Introduction to Computation and Programming Using Python |
Author: John V Guttag
Python and computation - what else could go together so well? This is a really good book provided you are the right reader. It is not a dummy's book and it isn't exclusively focused on teaching you to code in Python. This is a more general book on the ideas and practice of programming and algorithm construction - it also has a slightly academic feel to it, even though the style is casual and there are lots of encouraging words. Don't buy this book if you are looking for a primer on Python or something that will show you the tricks of Python or how it is applied. The book uses Python 2 but this is largely irrelevant and the language takes second place to more general ideas. It is also worth mentioning that this is the text book for the Introduction to Computer Science and Programming Using Python MOOC on edX, which is co-taught by its author John Guttag.

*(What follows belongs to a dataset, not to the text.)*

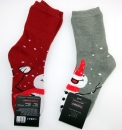 Schneemann OLLI oder Schneemänner dicke Thermosocken mit Komfortrand im 2er Pack Gr. 35/38 & (39/42) von RS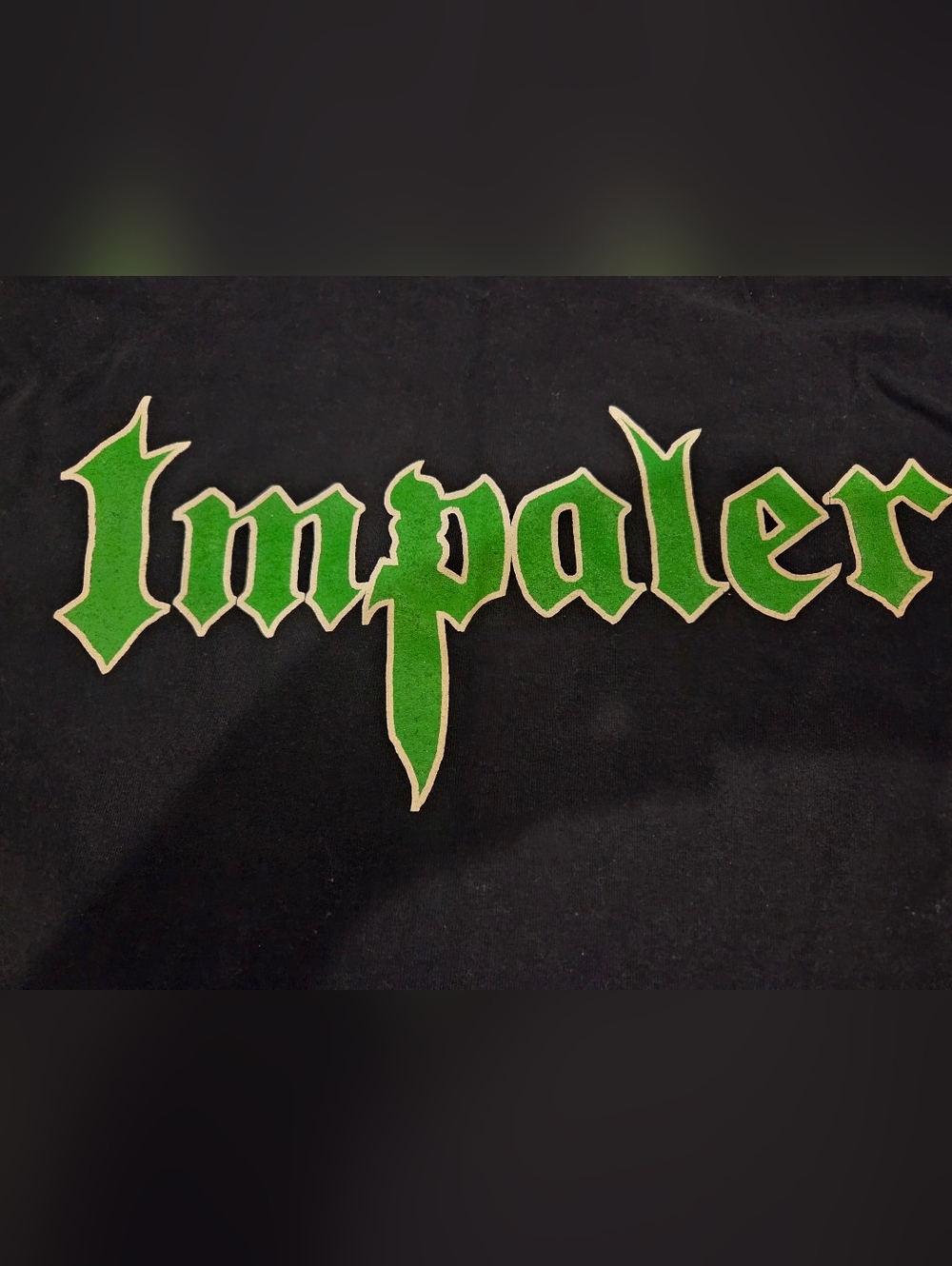 ☠️IMPALER - BAND LOGO - LONG SLEEVE VINTAGE SHIRT - MENS SIZE L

Chapter 1 is a vague introduction to the book and its aims. Right from the word go you are confronted with difficult and sophisticated ideas - the Church Turing thesis is explained on page 5, for example. Chapter 2 is the usual getting started and it outlines how to use IDLE to write programs but it also deals with objects, expressions, types, branching and strings. This isn't a book for the slow or for the non-mathematically trained. You don't have to be a math genius but you certainly can't be a math denier either. This is all clearly spoken, but technical, stuff. Chapter 3 is about numerical programs and again you need a bit of math to help you out. Here we learn about for loops and the difficulties of using floats. Chapter 4 is we we start to learn about functions and subtle ideas such as scoping. The author uses the simplifying idea that everything is an object and all variables are references to objects. This avoids the distinction between objects and primitive types and it is simpler. Chapter 5 moves on to data structures - tuples, lists and dictionaries. Here the student has to master the idea of references and mutability. Chapter 6 is a look at testing and debugging - the hypothesis experiment approach where you state what the program should do and work out a way to verify that it is doing it. The other side of the debugging coin is exception handling and this is covered in the next chapter. Chapter 8 introduces the idea of object oriented programming. Classes, objects, inheritance and encapsulation. It also deals with the sort of theoretical topics that are usually ignored in learn to program books - the substitution principle for example. From here on in the book shows its true colors and dives into computer science. We haven't been learning Python with an eye to doing anything deeply practical with it. We have been learning Python as a way of examining computer science concepts. Chapter 9 explains, very gently the ideas of algorithmic complexity - log, linear, log-linear etc and a comparison of complexity classes. From here what could be more natural than to move on to searching and sorting. Chapter 11 explores drawing graphs using PyLab but we are quickly back into general theory with chapter 12 and stochastic programs including statistics. Next random walks, Monte Carlo proper, experimental data and statistics.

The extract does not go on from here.